Tu mi chiedi con amarezza: Ove sono i beni che mi hai promesso? Io le ho mantenute tutte le mie promesse, ma tu hai sdegnato i tesori che t’ho prodigato a piene mani. Per diadema ti posi in fronte la freschezza, lo splendore, la serenità d’un mattino di primavera.
Per corteggio l’ho dato l’amore e la fede, la speranza e l’illusione. Ho fatto la tua povertà tanto ridente e bella, che molti potenti, molti ricchi l’avrebbero voluta scambiare coi loro palazzi e colla loro opulenza.
Ho popolato la tua solitudine di sogni incantati. T’ho fatto amare la tua disperazione, e seppi farti inebbriare colle tue lagrime al punto che il tuo gran dolore sarebbe il non poterne più versare.
Quando camminavi, destavo attorno a te la simpatia, e la benevolenza; e tu non incontravi che sguardi amichevoli e mani fraterne; il cielo ti sorrideva; anche la terra fioriva sotto i tuoi piedi….
A tua volta rispondimi, cosa hai fatto della mia liberalità? Cosa hai serbato de’ miei doni? Che ti resta di tante gioie che ho seminato lungo il tuo sentiero? Se non hai saputo conservarle, è mia la colpa? Se non hai saputo godere di nulla, è forse me che si deve accusare?

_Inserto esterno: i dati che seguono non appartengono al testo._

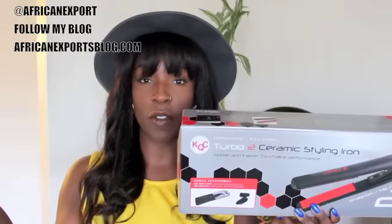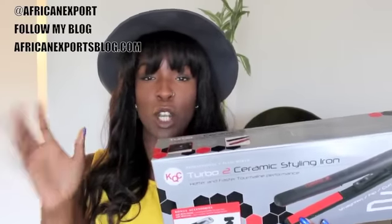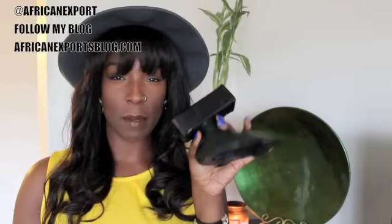This one goes up to 450 degrees, while the regular KQC Turbo goes up to 410. I would not flat iron my hair on that high heat, but at the same time, if I'm gonna get a flat iron, I want the one that goes up to 450 — the hotter the better, y'all.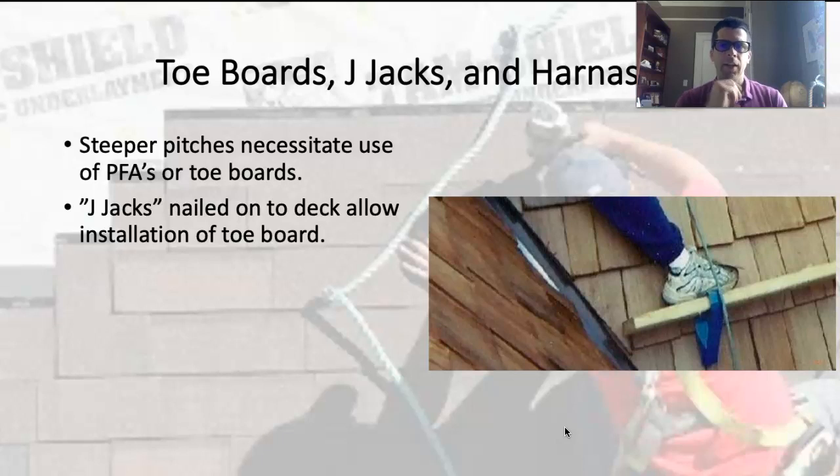From roof framing, the steeper the pitch gets, the more of a direct compressive load is placed on the rafter. It's easier for a piece of wood to take a compressive load than a bending load. One reason you see a lot of older homes built with really steep roofs is they could get away with 2x4s for rafters — there wasn't as much of a load on them, and it was easier to build a roof that way. Generally nowadays, we don't do roofs that steep.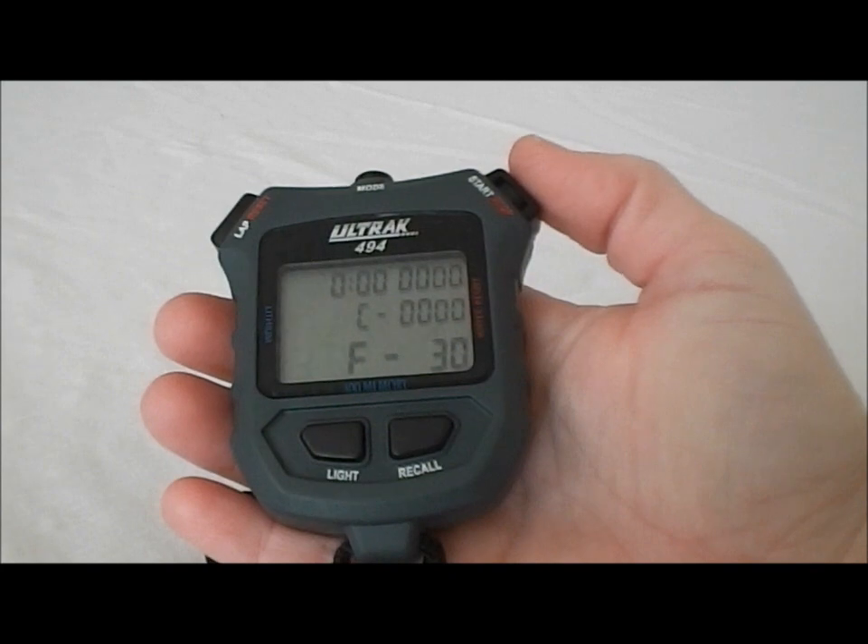So those are the features of the Ultrac 494. Now that you've seen how it works, let's talk about its basic features. The Ultrac 494 has a 300 lap memory. It can recall both lap and cumulative splits, and it can recall either during operation or after you press stop. It has a countdown timer, a pacer, a backlight, an easy-change battery compartment, a locking start and stop switch, a five-year warranty, and it's water resistant. If you have any other questions or to place an order, please visit our website at www.stopwatchcentral.com.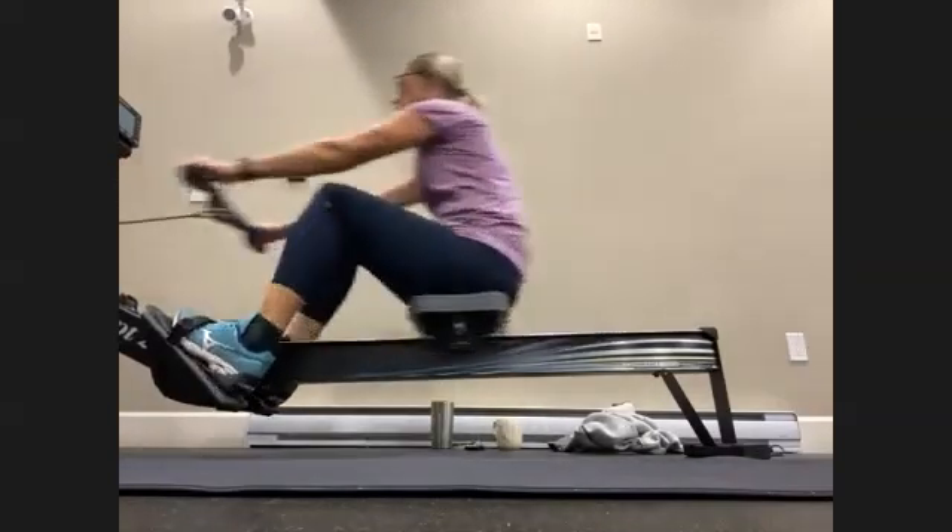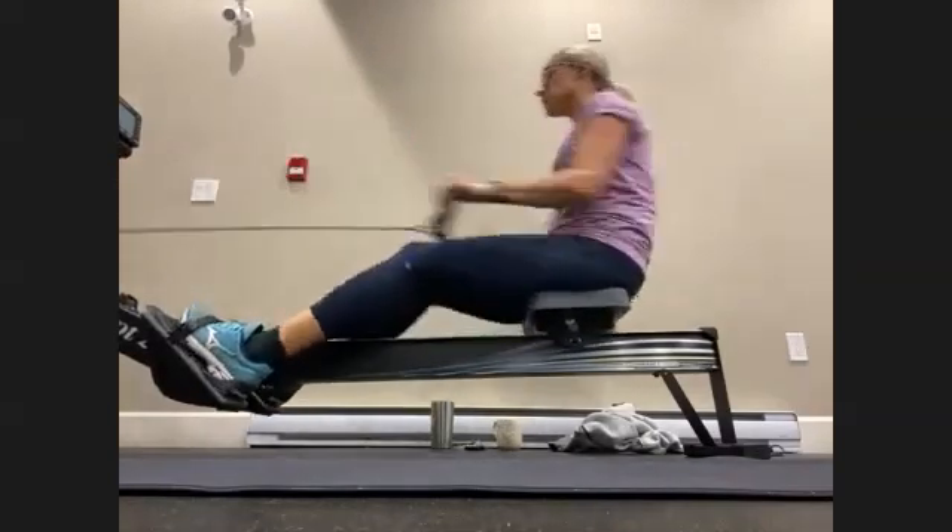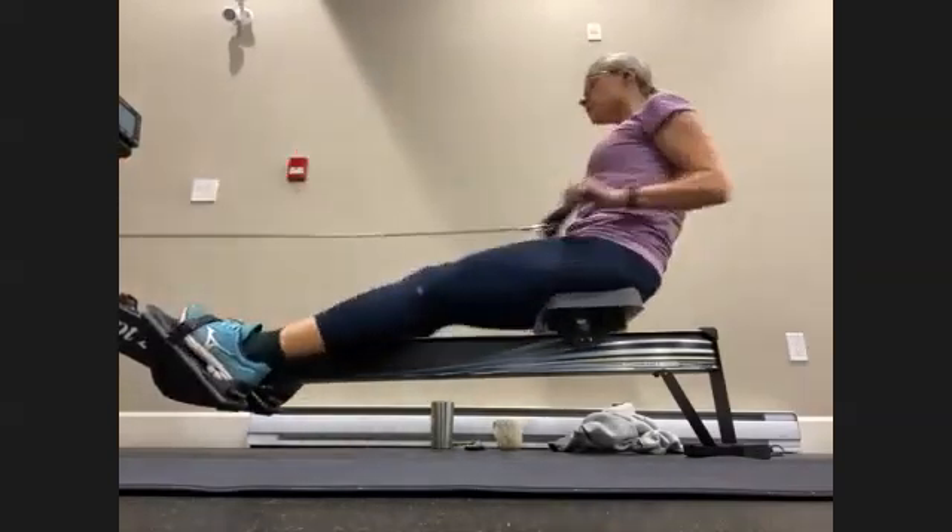There we go. Relax those arms, just hang off that handle. Let the legs do the push. Once the legs are done, that's it.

A questo punto una luce tarda illuminò il mio essere…. lo sentii un velo cadere da’ miei occhi, e restai colpito di spavento leggendo chiaro nel mio proprio cuore.

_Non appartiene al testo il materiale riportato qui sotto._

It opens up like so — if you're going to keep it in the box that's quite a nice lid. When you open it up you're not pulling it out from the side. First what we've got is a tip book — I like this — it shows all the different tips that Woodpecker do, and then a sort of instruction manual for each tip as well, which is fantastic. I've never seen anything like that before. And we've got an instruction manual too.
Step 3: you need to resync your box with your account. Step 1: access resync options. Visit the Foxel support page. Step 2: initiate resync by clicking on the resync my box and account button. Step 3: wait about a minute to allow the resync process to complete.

– Resta, resta! non partire, – esclamai supplichevole. – Rendimi questi beni che non riconobbi…. i miei occhi si riaprono a nuova luce. Rendimi l’amore e le illusioni, la fede e la speranza. Per un giorno, per un giorno solo…. e chiunque tu sia, morirò benedicendoti.

– Ahime! – rispose, – son io che morrò. Nol vedi ?… Guardami…. Da lungo, da lungo tempo un male crudele mi consuma, un verme divoratore ha succhiato dal mio seno la sorgente della vita. Il sangue più non giunge al mio cuore: toccami le mani, e sentirai il madore gelato della morte. Pure se tu l’avessi voluto, avrei avuto da vivere a lungo ancora. Tu mi uccidi, crudele. Ho esaurito le mie forze, i miei piedi sanguinarono per seguirti. Invano implorai grazia; tu mi dicevi: cammina! e io camminavo. Camminavo ansante, le mie vesti andavano a brandelli impigliandosi agli orli ronchiosi della via.
La mia la mia fronte bruciava sotto il sole del meriggio…. Ferma! supplicavo…. Invano…. Nemmeno il tempo mi lasciavi di riannodarmi la cintura o di raccattare i fiori della mia corona già scolorita. Invano…. tu continuavi la tua corsa sfrenata trascinandomi senza pietà attraverso le aride sabbie… Mi hai tu mai risparmiato una fatica ? hai tu mai protetto il mio capo da una sola bufera ? Quante volte mi sedei accasciata, scoraggiata, decisa a non seguirti più…. Ma, ingrato!… ti volevo troppo bene; e, quando sorpreso di non sentirmi più vicina, tu ti volgevi per chiamarmi o con un gesto o colla voce, io mi levavo e correvo sulle tue traccie. Oggi la mia fine è giunta…. non posso più reggermi. Il mio sangue s’arresta, il mio sguardo si confonde, le mie gambe si piegano…. io muoio….

– No…. non devi morire…. – esclamai stendendo le braccia. – Ma, strana creatura…. parla, chi sei?

– Non sono più, – mi rispose, – fui…. la tua giovinezza.

A queste parole io volli afferrarla, ma era già sparita, e dove essa era non vidi che pochi fiori appassiti caduti da’suoi capelli… Non ne trovai uno che serbasse qualche profumo.


Jules Sandeau è uno scrittore e drammaturgo francese, nato ad Aubusson (Creuse) il 19 febbraio 1811 e morto a Parigi il 6 il 24 aprile 1883.